では、ソフトバンクはそれらをどのように活用し始めているか。ビッグデータを活用することで、ネットワークの繋がらない部分をピンポイントで見つけ、一つひとつ解決して接続率を伸ばしていったのである。
電波改善のためにソフトバンクが行った接続テスト回数はなんと500億回。機種別、時間別、場所別、キャリア別というあらゆる面から接続率を把握できた。同様に、ヤフーの持つ月間565億ものページビュー、ツイッターの情報まで含め、ソフトバンクは解析している。
従来「繋がらない」というレッテルを貼られていたソフトバンクが、テレビCMなどで繋がりやすさナンバーワンを謳えるようになった裏には、こうした努力があったのである。
最先端テクノロジーが生産性を向上させることは歴史が証明している。だが、そうした機器は必ずしも自分で生み出す必要は無い。織田信長も鉄砲を発明したのではなく、最も早く最大限に活用したことが強みとなった。孫も言うように、自分がスティーブ・ジョブスやマーク・ザッカーバーグでなくてもいい。発明された世界最先端の技術をいかに使うかが、成長の鍵を握っているのだ。
生産性向上について、IT技術が重要だということはよく分かった。しかし、もうひとつの難題、少子高齢化と労働人口の減少にはどのように対処するのか。
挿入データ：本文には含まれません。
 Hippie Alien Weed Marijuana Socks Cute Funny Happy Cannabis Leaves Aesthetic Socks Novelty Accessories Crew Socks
日本の労働人口は少ない。世界各国の製造業の労働人口を比較すると、中国7000万人、アメリカ、インド、日本と横並びで約1000万人。日本は近年まで「ものづくり大国」という地位を確立していたが、労働人口が製造業の分野でも抜かれてしまったことで、経済が停滞してしまった。
さらに挙げられるのは、日本の人件費が高いという問題である。労働人口が多く、人件費が安い発展途上国に製造業で抜き去られるのは、論理的に考えれば当然ではある。ならば、どうやってこれを覆すのか。
「ここでホラを吹きたいと思います」
孫はニヤリと笑う。
「日本の労働問題を解決するのはズバリ、ロボットです」
製造業における単純生産型のロボットでは、日本はまだまだ世界一を誇っている。しかし孫は、安くて高性能で、しかも汎用性の高いロボットを一気に普及させると豪語する。しかも、これらのロボットはクラウドに繋がり、人工知能を搭載する。
もし日本が、こうした産業用ロボット3000万台を導入することができたら、どうなるか。ロボットは1日24時間働くことができる。したがって、1台のロボットは単純計算3人分の人間の仕事をすることが可能だ。土日も働けることを考えれば、それ以上かもしれない。つまり、ロボットの導入により、3000万台×3人分=9000万人の労働人口に匹敵する。それを1000万人の労働人口に加えれば、理論上労働人口1億人が達成できる。
次に賃金だが、多機能型のロボットを仮に100万円で作れば、これを5年償却で割り算していくと、月額約1.7万円に相当する。当然、人件費も世界の大国の中で一番安くなるというわけだ。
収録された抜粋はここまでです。